EXERCISE:
Go through the records and copy each line where the string "Living" occurs.

(RECORD EXCERPTS begins)

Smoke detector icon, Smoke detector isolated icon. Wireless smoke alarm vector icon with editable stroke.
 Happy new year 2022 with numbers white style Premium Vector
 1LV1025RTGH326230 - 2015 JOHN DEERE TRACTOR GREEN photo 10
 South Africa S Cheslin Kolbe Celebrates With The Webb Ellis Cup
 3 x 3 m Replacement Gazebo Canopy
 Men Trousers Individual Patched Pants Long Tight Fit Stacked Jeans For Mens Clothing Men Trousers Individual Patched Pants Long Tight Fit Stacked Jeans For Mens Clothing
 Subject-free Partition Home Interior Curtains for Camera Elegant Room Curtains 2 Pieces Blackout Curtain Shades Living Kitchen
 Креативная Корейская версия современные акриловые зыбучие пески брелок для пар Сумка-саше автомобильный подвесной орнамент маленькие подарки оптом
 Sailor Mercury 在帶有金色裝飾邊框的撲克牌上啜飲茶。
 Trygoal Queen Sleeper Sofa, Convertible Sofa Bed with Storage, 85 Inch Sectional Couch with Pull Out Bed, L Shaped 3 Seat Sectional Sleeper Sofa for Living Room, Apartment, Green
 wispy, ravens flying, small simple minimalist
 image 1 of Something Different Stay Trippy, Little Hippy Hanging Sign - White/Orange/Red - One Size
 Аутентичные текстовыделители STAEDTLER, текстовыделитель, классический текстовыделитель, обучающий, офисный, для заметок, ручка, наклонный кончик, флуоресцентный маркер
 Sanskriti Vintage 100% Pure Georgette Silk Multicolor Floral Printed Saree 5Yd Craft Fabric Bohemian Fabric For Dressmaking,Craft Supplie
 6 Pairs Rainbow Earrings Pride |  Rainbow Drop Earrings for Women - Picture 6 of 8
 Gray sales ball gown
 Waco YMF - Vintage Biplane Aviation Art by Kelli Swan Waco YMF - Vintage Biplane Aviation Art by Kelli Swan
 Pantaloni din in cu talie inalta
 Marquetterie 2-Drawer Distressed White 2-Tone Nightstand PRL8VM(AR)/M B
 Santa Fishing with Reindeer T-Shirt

(RECORD EXCERPTS ends)

WRITTEN SOLUTION:
 Subject-free Partition Home Interior Curtains for Camera Elegant Room Curtains 2 Pieces Blackout Curtain Shades Living Kitchen
 Trygoal Queen Sleeper Sofa, Convertible Sofa Bed with Storage, 85 Inch Sectional Couch with Pull Out Bed, L Shaped 3 Seat Sectional Sleeper Sofa for Living Room, Apartment, Green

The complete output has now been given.